# [Given records]
%%

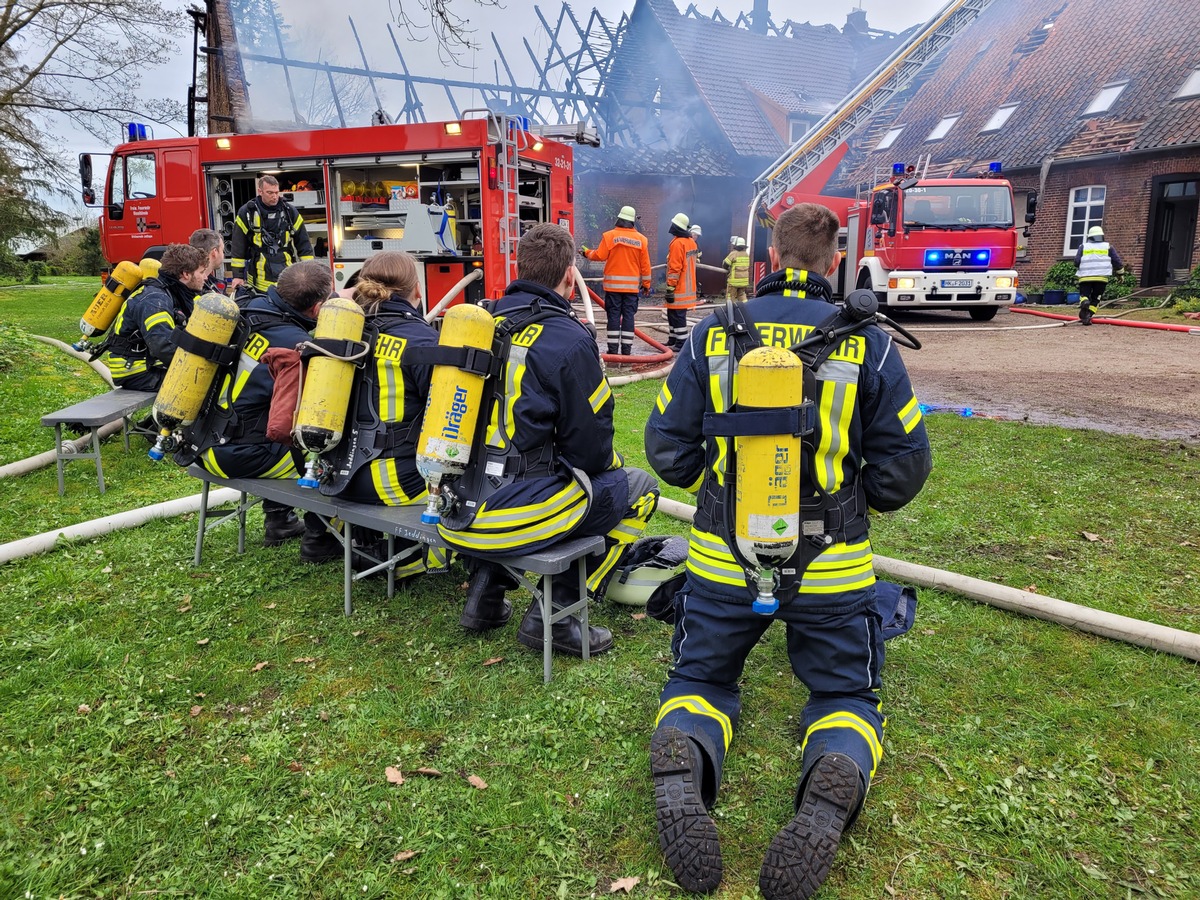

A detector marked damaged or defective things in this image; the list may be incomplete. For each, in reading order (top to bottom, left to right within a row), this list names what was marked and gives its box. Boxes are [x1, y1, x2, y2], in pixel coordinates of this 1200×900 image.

damaged roof [830, 0, 1200, 188]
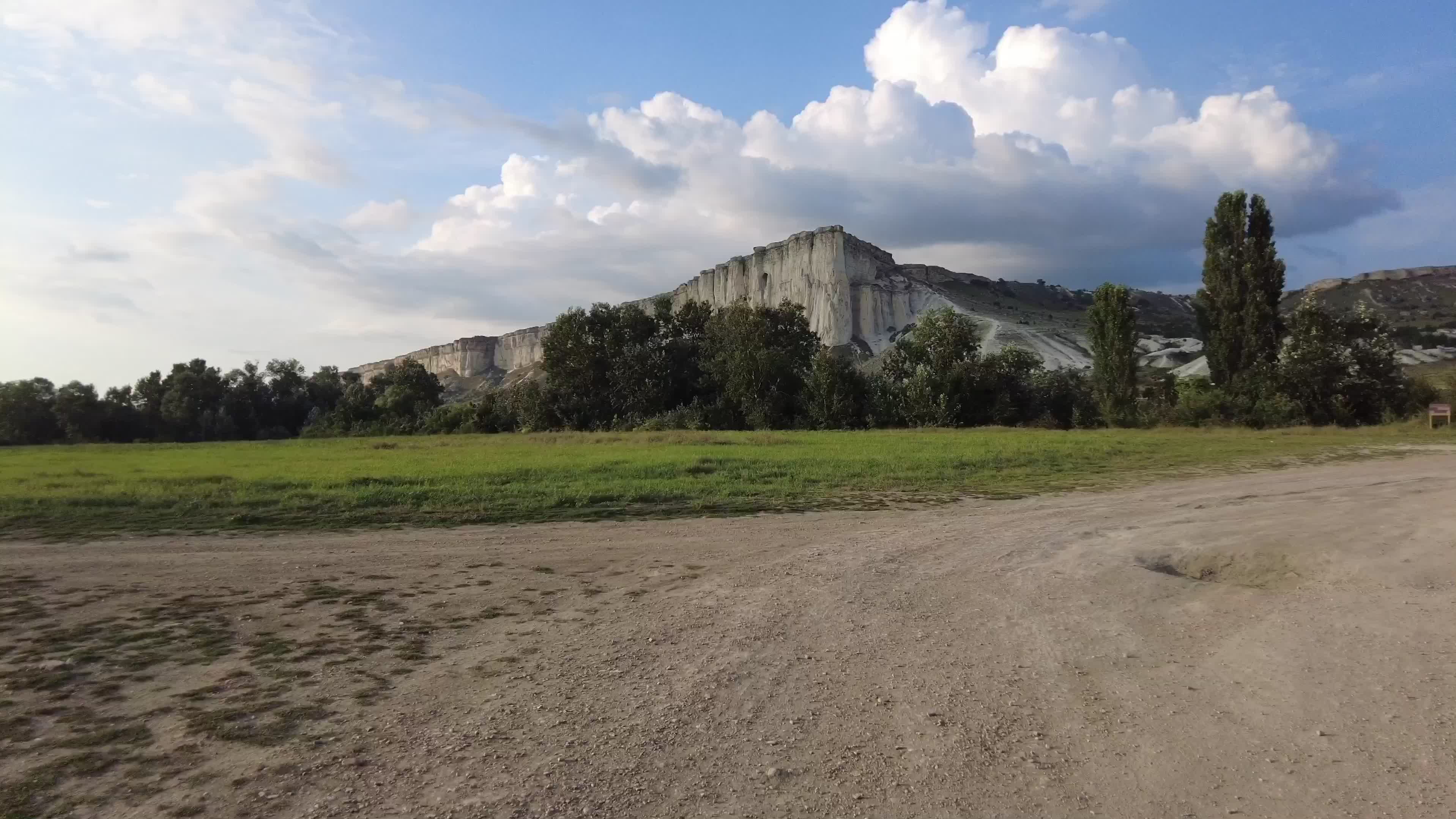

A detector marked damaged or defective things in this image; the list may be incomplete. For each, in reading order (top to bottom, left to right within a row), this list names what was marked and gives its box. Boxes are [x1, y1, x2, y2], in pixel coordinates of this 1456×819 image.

pothole in dirt road [1130, 550, 1305, 591]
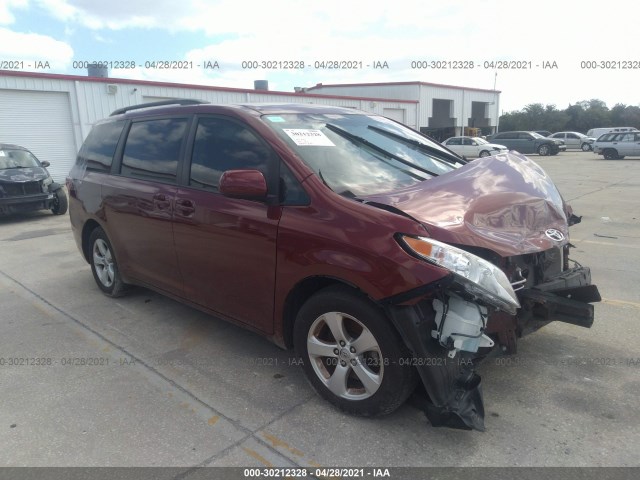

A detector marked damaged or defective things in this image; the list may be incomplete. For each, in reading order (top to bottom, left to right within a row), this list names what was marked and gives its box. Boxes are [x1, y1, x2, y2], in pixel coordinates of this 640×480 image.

damaged toyota sienna [67, 101, 604, 432]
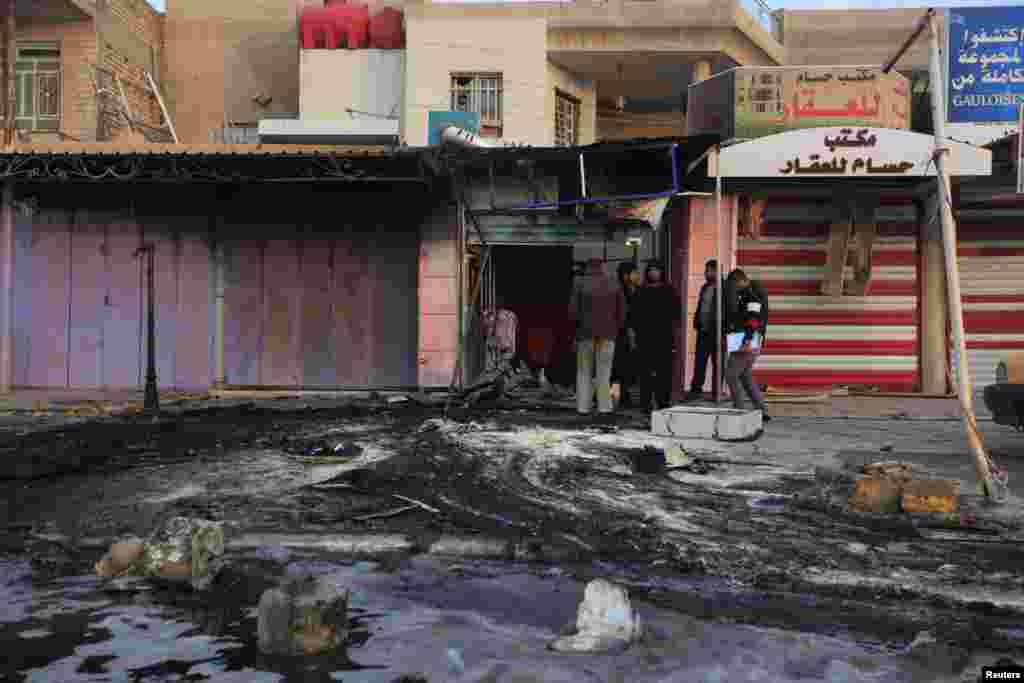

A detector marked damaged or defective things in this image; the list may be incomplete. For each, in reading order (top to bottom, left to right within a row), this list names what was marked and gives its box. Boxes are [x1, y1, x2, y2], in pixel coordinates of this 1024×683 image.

damaged storefront [0, 141, 438, 393]
broken concrete slab [647, 409, 761, 440]
broken concrete slab [905, 481, 958, 511]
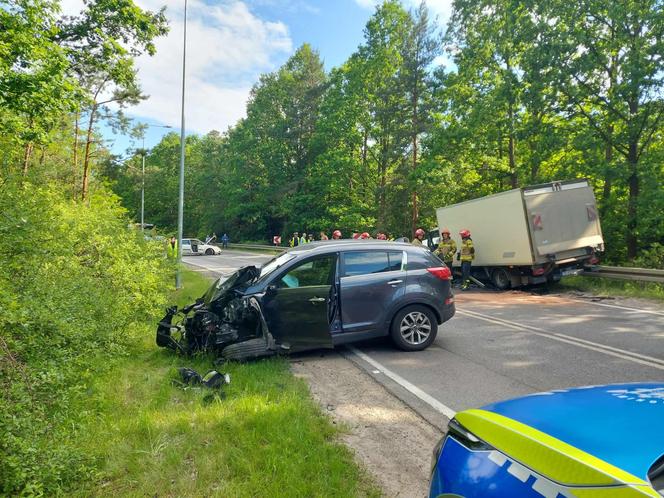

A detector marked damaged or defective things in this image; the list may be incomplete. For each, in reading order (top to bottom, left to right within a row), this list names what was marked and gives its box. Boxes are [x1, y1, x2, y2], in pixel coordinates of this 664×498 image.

damaged dark suv [156, 239, 456, 360]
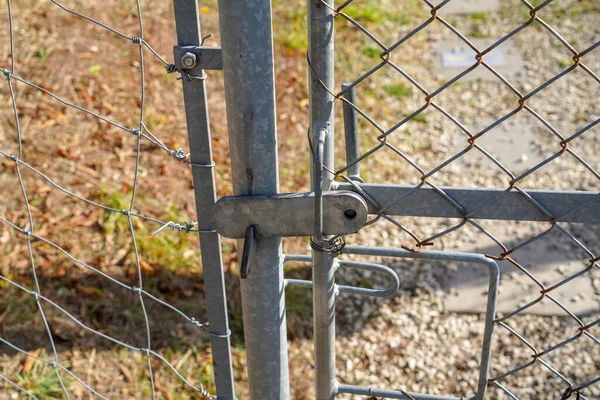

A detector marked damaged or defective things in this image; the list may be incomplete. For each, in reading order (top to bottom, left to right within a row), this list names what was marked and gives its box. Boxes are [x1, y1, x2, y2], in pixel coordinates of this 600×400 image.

rusty wire [310, 0, 600, 396]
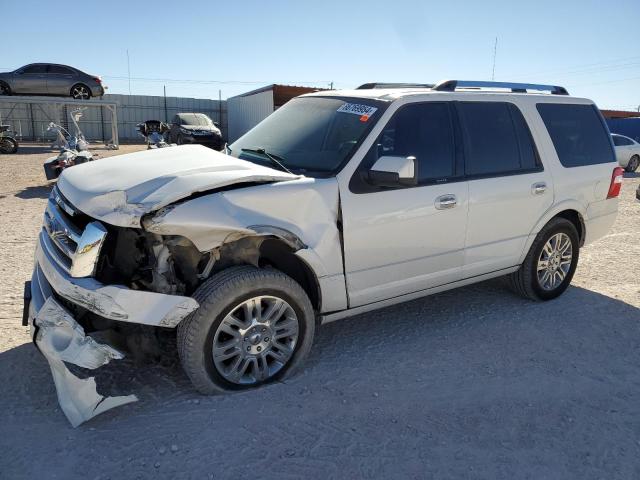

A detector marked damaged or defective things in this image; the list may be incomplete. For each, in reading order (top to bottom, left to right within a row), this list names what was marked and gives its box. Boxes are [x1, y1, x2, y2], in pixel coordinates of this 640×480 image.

crushed front end [25, 186, 198, 426]
damaged bumper [26, 231, 200, 426]
crumpled hood [56, 143, 298, 228]
collision damage [28, 142, 344, 424]
damaged white suv [25, 80, 620, 426]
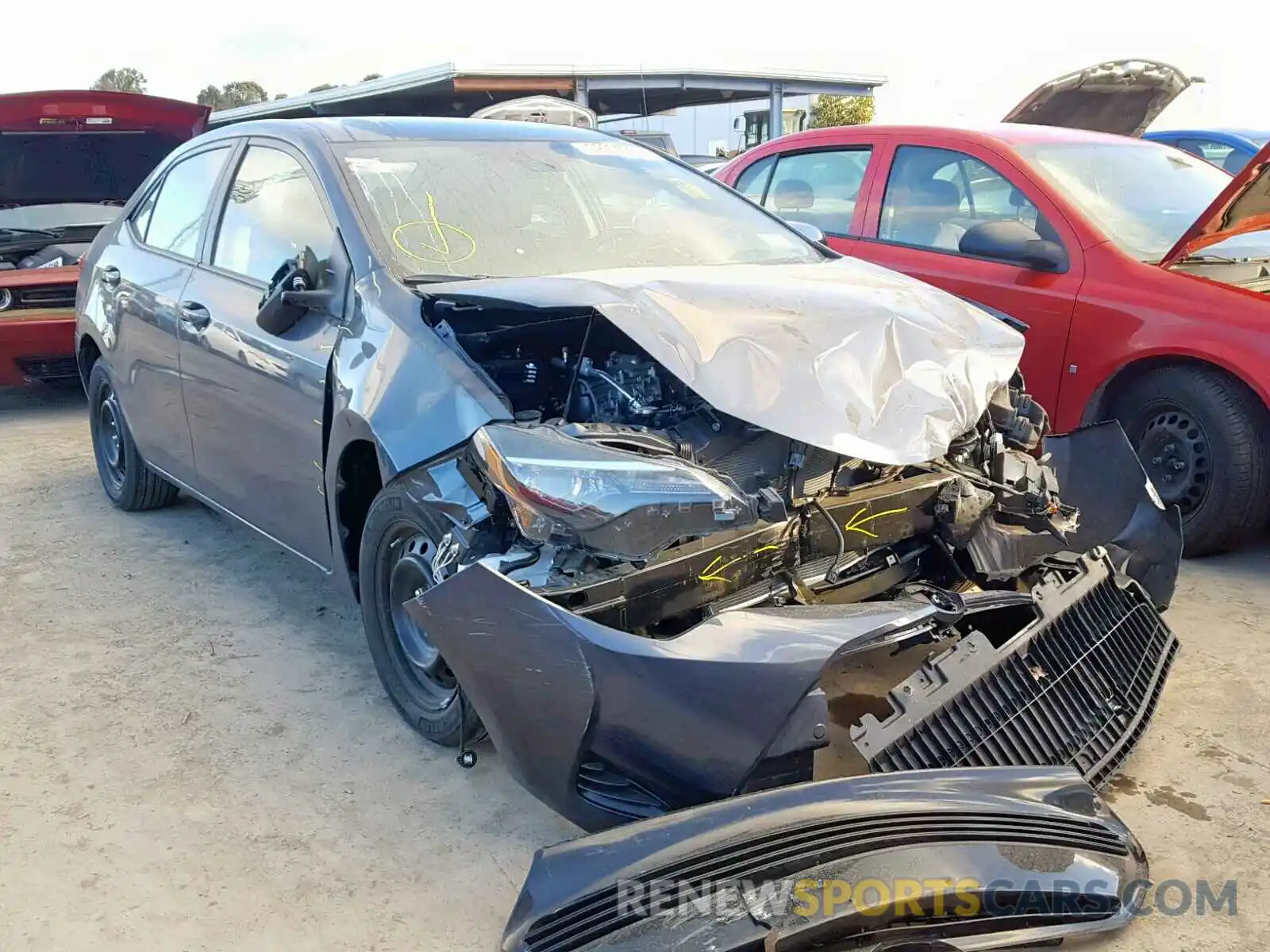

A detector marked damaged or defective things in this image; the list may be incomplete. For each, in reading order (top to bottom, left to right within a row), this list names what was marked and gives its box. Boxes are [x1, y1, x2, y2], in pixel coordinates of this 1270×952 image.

crumpled hood [424, 259, 1021, 466]
damaged car [71, 117, 1178, 832]
broken front bumper [411, 551, 1173, 832]
detached bumper cover [411, 551, 1173, 832]
broken front bumper [500, 766, 1148, 952]
front fender damage [498, 766, 1153, 952]
detached bumper cover [502, 766, 1153, 952]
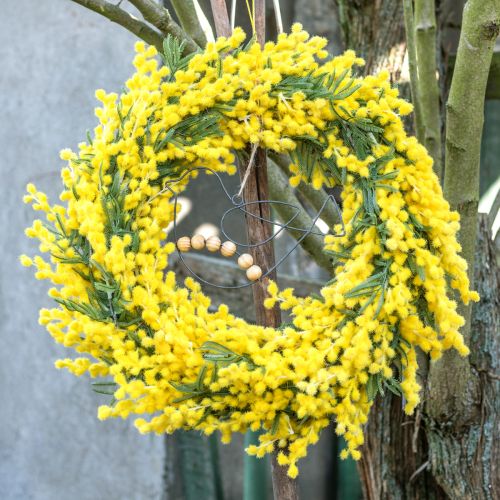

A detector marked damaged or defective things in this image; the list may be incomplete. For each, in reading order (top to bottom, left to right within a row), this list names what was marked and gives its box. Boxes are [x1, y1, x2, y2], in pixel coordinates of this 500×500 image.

bent wire loop [164, 166, 344, 288]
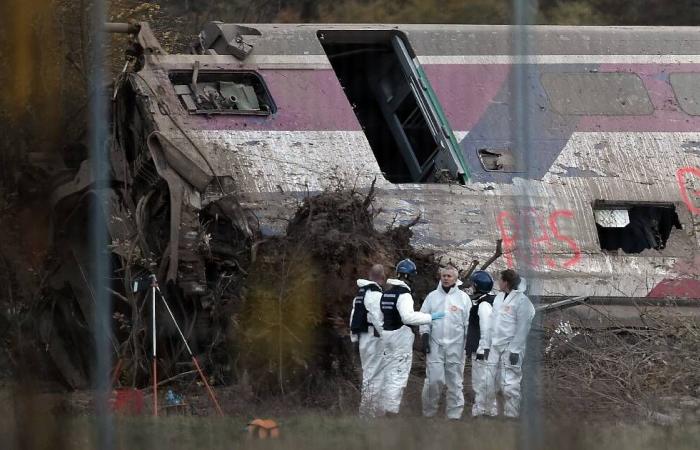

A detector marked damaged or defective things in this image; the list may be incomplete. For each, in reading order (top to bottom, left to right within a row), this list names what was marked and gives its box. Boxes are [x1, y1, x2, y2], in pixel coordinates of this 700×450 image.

broken window [170, 70, 276, 115]
broken window [320, 30, 468, 184]
broken window [540, 72, 652, 116]
broken window [668, 73, 700, 116]
broken window [476, 150, 520, 173]
damaged train car [50, 22, 700, 386]
broken window [592, 202, 680, 255]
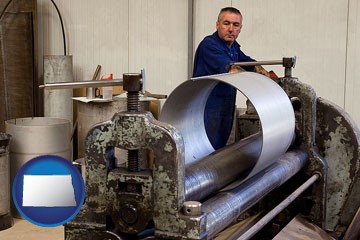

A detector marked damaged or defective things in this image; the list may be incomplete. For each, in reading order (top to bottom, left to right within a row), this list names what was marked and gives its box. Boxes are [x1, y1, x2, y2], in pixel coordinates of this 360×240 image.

rusty metal surface [316, 97, 360, 231]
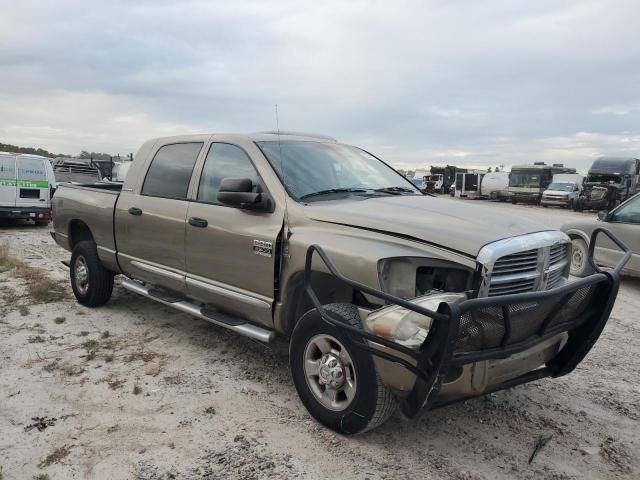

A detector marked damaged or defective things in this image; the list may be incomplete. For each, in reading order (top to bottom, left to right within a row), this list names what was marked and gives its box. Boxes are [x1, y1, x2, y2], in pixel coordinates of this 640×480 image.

wrecked vehicle [51, 132, 632, 436]
cracked headlight [364, 292, 464, 348]
front end damage [304, 227, 632, 418]
broken bumper [304, 227, 632, 418]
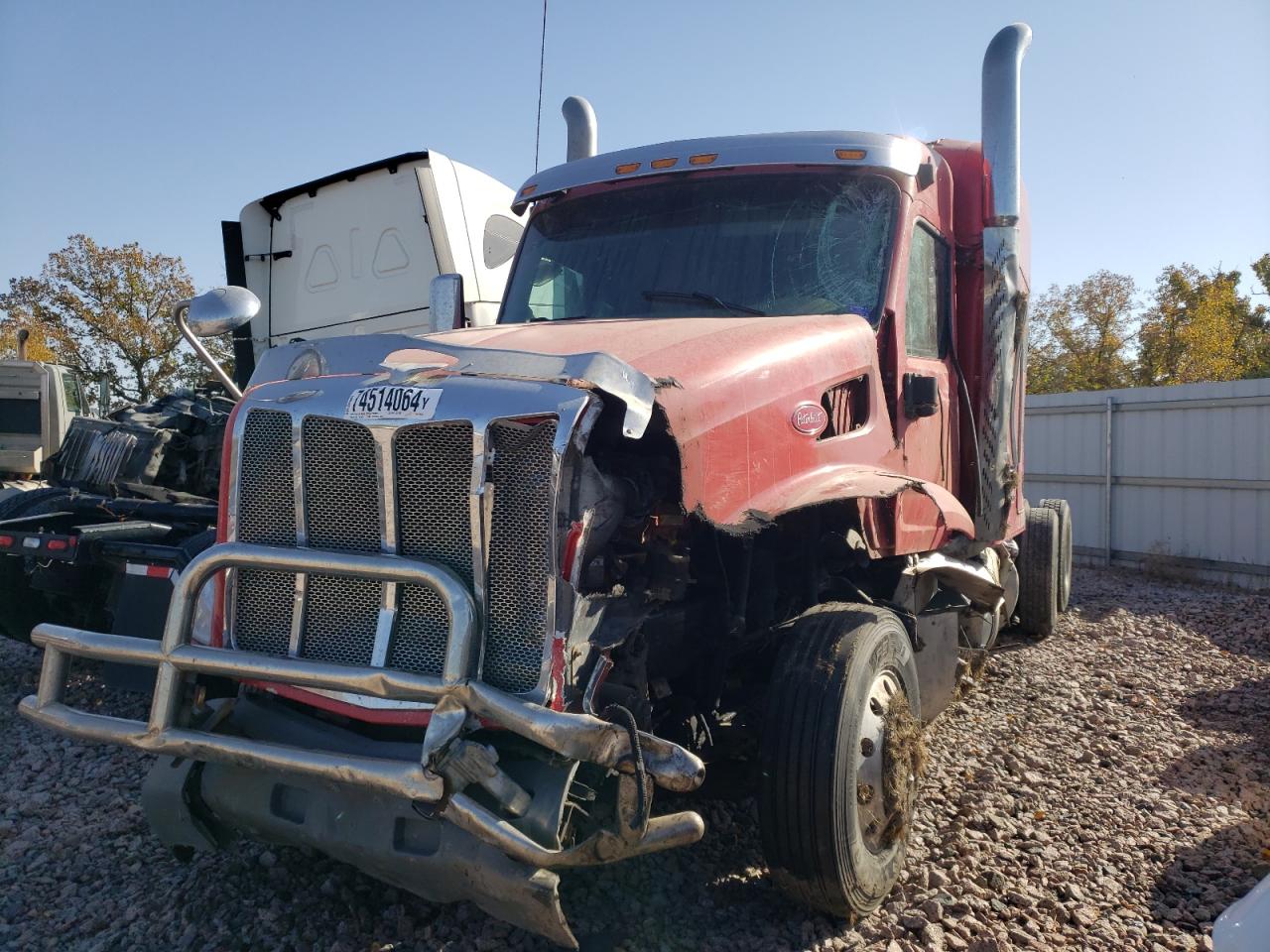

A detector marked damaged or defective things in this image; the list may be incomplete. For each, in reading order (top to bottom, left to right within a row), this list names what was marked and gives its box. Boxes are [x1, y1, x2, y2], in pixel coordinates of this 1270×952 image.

%%

# [Assigned task]
Every line from the one containing "this 360×240 image." through the last line of the data is to be retyped exactly, with nothing added and no pictures included.

# [Output of the task]
A detector marked damaged or defective things in this image; the list may be incomplete. For each, in reading order (top to bottom, left to right within a row), this list names what was marked and gives its box. Boxes are [x1, y1, x2, y2], in pixel coordinates of this 360×240 image.

rusty metal surface [316, 97, 360, 231]

A detector marked damaged or defective things in this image; the list may be incomplete. For each, in reading order (top to bottom, left to right within a row), this list names what was marked and gives its box. Boxes are [x1, y1, x2, y2], in pixel coordinates of this 640×480 image.

wrecked vehicle [51, 132, 632, 436]
cracked headlight [364, 292, 464, 348]
front end damage [304, 227, 632, 418]
broken bumper [304, 227, 632, 418]

A detector marked damaged or defective things in this image; the list may be incomplete. For each, in reading order (top to bottom, left to right within a row), this list names what was marked and gives its box. Boxes are [x1, y1, x2, y2], in pixel coordinates of this 1270×952 image.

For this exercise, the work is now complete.